A: They shouldn’t be. Oil sands has always been one of the most innovative sectors around. The reality is most sectors are judged against the Silicon Valley model of innovation, where the pace is incredibly quick—often weeks and months—and the price of projects relatively small. Contrast that with the oil sands. Developing a project takes years and requires billions of dollars. It also involves a global commodity where you are competing with other jurisdictions to be the low-cost producer. Under these dynamics smart people take a very deliberate approach to innovation. The sector is as innovative as any other out there. It just looks different than most, and it certainly looks different than the Silicon Valley model.
Q: What then should Canadians understand?

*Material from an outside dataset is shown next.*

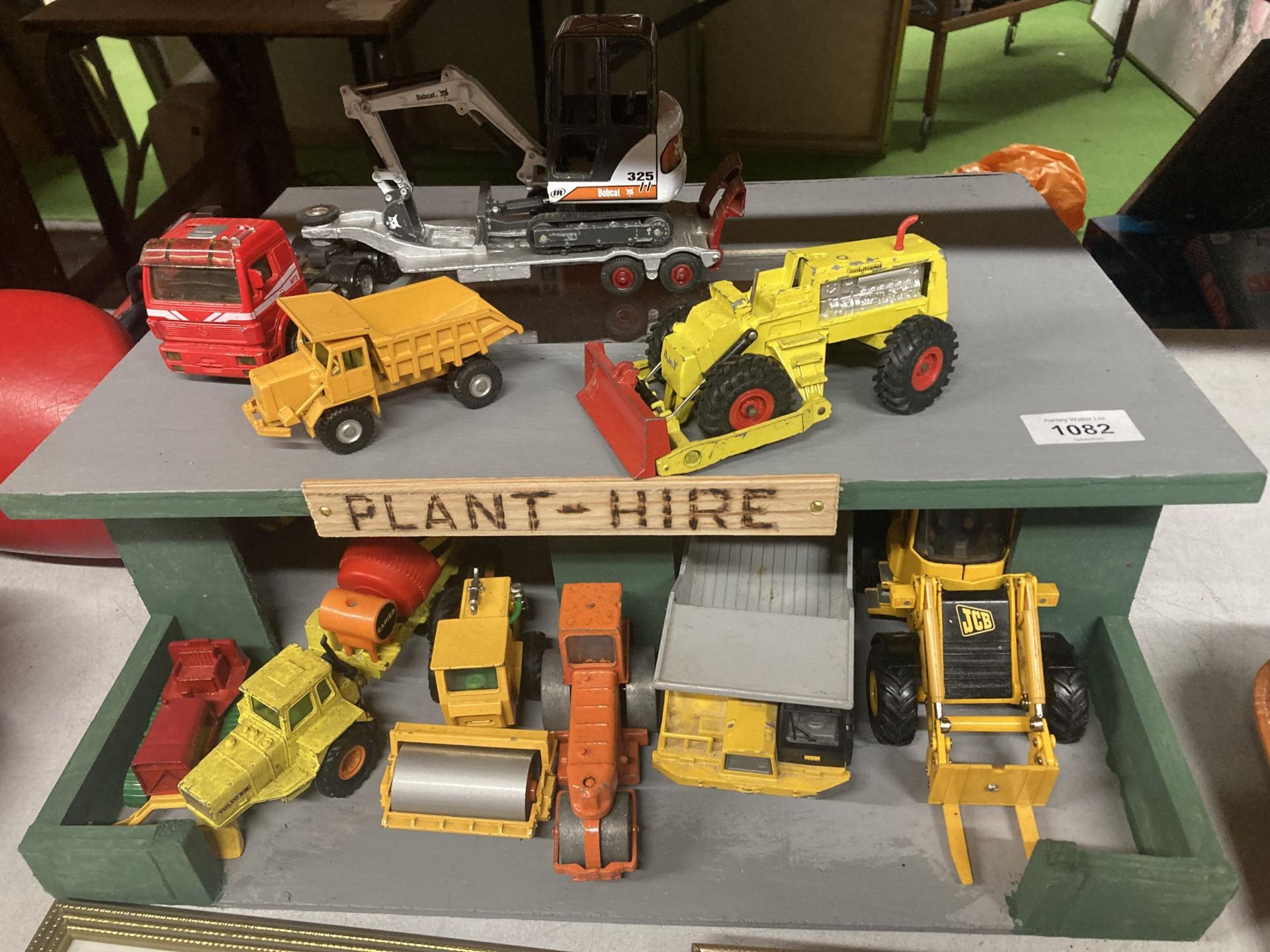 A PLANT HIRE GARAGE WITH TWELVE VARIOUS VEHICLES AND MACHINES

A: That innovation has always been important to the industry. It’s interesting when you look at companies in the country’s oil sector, it includes some of the oldest companies in Canadian business, in some cases 100 years. Think of the change these companies have gone through, and now they’re going through great change now. The bottom line is companies in the sector are very resilient. They have a remarkable ability to innovate.
Q: Environmental innovation and innovations to reduce costs seem to be two major themes in the way the industry approaches innovation. Can you comment on this?
A: They’re fundamentally linked in our industry. Let me give you an example. One of the biggest costs of producing oil sands is the energy input to heat water into steam that’s used to melt and recover the bitumen. The industry is relentlessly driving to find ways to use less steam. What this means is they are using less energy to make the steam. That in turn reduces costs and their greenhouse gas (GHG) emissions.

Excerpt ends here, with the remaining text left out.